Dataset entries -
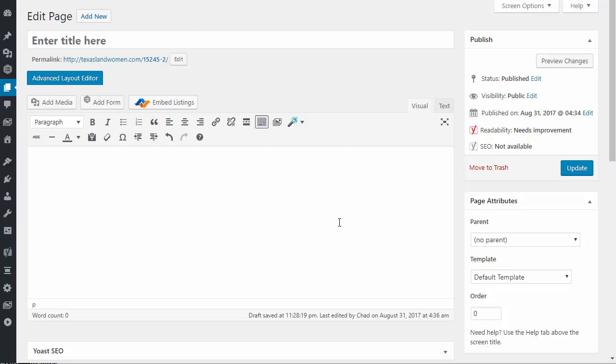Hello, welcome to another RETS Pro video. This video tutorial is going to cover the basic installation setup of featured listings using our shortcode builder.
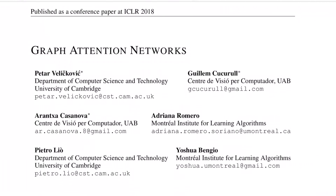Hello everyone! Hope all of you are doing really well. Today again we'll see one of the popular works in the GraphML space, titled Graph Attention Networks, from researchers from University of Cambridge, UAB, and Montreal Institute of Learning Algorithms. Let's start with the abstract.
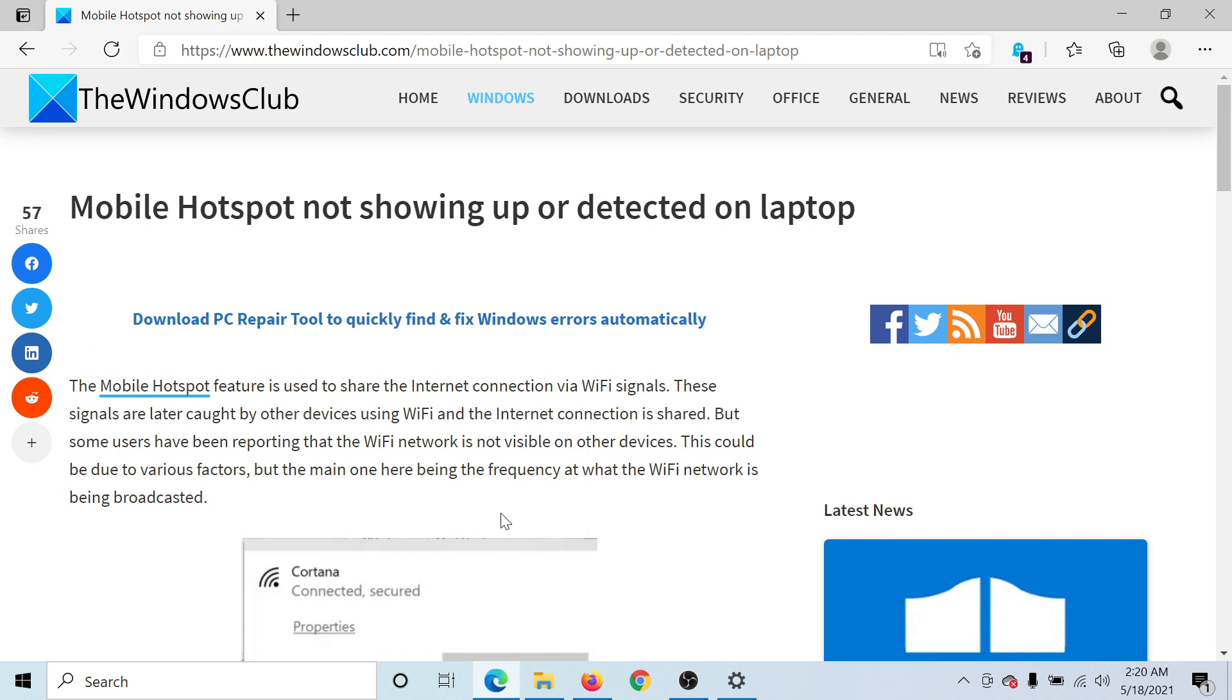If you have any doubts, please go to the original article on The Windows Club, scroll down to the comment section, and write your query. We will surely answer it. Do not forget to subscribe to the channel. Thank you for watching this video and have a nice day.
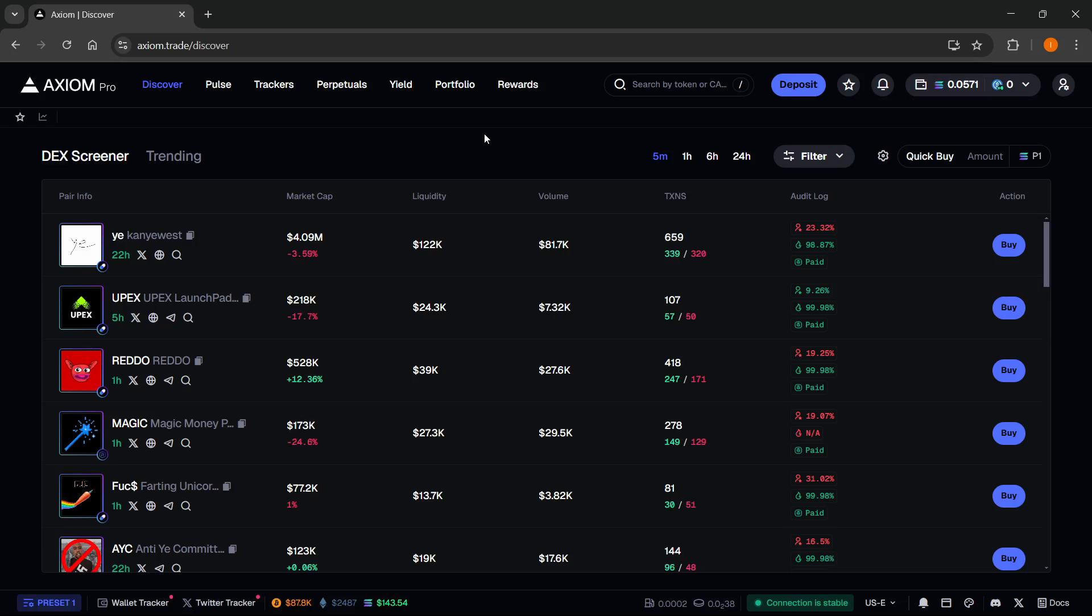In this video, I'm going to show you how to get your private key from Axiom Pro. First, you will need an Axiom Pro account, and if you don't have one yet, there's a link down below in the description.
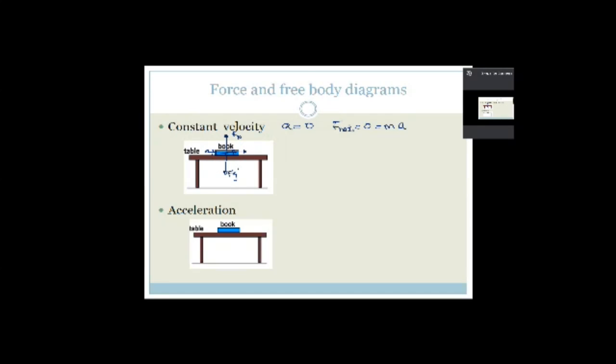We're going to carry on with force and free body diagrams and Newton's Second Law in our next science lesson. I apologize for the interruptions today — it has been an interesting lesson. Have a great day, and I won't see you till next week, so have a great weekend. Cheers.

TASK DESCRIPTION -
Through the line containing "In this video, I'm" and no further, restate the data above word for word from its first line, leaving out pictures.

WRITTEN ANSWER -
Hello, welcome to another RETS Pro video. This video tutorial is going to cover the basic installation setup of featured listings using our shortcode builder.
Hello everyone! Hope all of you are doing really well. Today again we'll see one of the popular works in the GraphML space, titled Graph Attention Networks, from researchers from University of Cambridge, UAB, and Montreal Institute of Learning Algorithms. Let's start with the abstract.
If you have any doubts, please go to the original article on The Windows Club, scroll down to the comment section, and write your query. We will surely answer it. Do not forget to subscribe to the channel. Thank you for watching this video and have a nice day.
In this video, I'm going to show you how to get your private key from Axiom Pro. First, you will need an Axiom Pro account, and if you don't have one yet, there's a link down below in the description.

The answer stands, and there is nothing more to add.